Bol su içmek, sulu gıda ve içecek tüketmek de toksinlerin vücuttan atılması açısından son derece faydalıdır.

Çok mecbur kalmadıkça ateş düşürücü, ağrı kesici antibiyotik vs ilaçları almamak gereklidir. Hafif ateşi sirke, kolonya, bitki, çayları, ılık duş vs yollar ile düşürmek daha doğrudur. Mecburiyet durumu söz konusu ise elbette ateş düşürücü almak gerekebilir. Ayrıca bu dönemde özellikle şeker ve kalp/damar hastaları çok daha dikkatli olmak durumundadır. Çünkü bu hastaların virüs enfeksiyonuna karşı dirençleri daha düşüktür. Kandaki yüksek şeker, şeker hastalarının bağışıklık hücrelerini zayıflatmaktadır.

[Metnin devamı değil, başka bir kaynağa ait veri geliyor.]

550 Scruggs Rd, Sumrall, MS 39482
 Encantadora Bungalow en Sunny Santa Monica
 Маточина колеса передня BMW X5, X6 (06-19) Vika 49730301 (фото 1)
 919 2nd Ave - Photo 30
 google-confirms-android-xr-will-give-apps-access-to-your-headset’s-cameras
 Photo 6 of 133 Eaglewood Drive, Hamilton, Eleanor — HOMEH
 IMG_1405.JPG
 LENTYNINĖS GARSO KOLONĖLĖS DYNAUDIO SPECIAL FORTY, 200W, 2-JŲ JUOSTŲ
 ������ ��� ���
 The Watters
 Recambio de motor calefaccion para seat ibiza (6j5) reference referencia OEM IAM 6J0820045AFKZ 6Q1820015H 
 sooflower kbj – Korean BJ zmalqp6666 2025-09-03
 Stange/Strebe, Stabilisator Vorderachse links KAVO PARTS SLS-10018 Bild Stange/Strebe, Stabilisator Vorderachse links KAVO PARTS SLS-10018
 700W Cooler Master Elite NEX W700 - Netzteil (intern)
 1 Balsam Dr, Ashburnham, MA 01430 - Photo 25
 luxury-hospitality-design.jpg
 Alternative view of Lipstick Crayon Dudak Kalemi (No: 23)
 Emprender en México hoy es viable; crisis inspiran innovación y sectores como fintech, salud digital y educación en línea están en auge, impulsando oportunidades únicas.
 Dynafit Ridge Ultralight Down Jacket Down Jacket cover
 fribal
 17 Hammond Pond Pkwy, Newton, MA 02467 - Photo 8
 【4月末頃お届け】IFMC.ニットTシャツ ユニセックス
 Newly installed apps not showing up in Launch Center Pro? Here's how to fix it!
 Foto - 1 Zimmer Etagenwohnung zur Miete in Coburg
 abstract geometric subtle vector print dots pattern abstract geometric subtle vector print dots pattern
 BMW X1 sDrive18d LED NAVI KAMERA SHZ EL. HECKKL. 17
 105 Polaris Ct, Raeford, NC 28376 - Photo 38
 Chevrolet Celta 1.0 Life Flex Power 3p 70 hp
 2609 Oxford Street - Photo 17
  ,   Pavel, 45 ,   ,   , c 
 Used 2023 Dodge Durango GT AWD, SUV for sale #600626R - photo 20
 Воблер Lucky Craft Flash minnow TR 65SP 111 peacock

Kalp damar ve yüksek tansiyon hastalarında ise damar daralması ve tıkanıklığı dolayısı ile doku hücreleri yeteri miktarda kanlanamamakta ve gerekli vitamin, mineral ve fonksiyonel bileşenler bağışıklık sistemi hücreleri dahil diğer doku hücrelerine olması gerektiği şekilde taşınamamaktadır. Bu da vücudu virüs saldırılarına karşı daha korumasız yapmaktadır. Bu sebeple bu hastalar hem daha kolay enfekte olabilmekte ve hem de hastalığa yakalanmışlarsa, hastalık daha ağır seyretmektedir. Bu gibi hastaların daha önceden kullanmakta oldukları ilaçları aksatmadan kullanmaya devam etmeleri bu bakımdan önemlidir.

Ayrıca ;

Evimize sürekli temiz hava girişini sağlamak,

Düzenli uyumak,

Stresten uzak durmak,

Hafif egzersizler yapmak hastalığa karşı direncimizi yükseltmeye ve hastalıktan kolay kurtulmamıza katkı sağlayabilecek önemli yaşam kurallarıdır.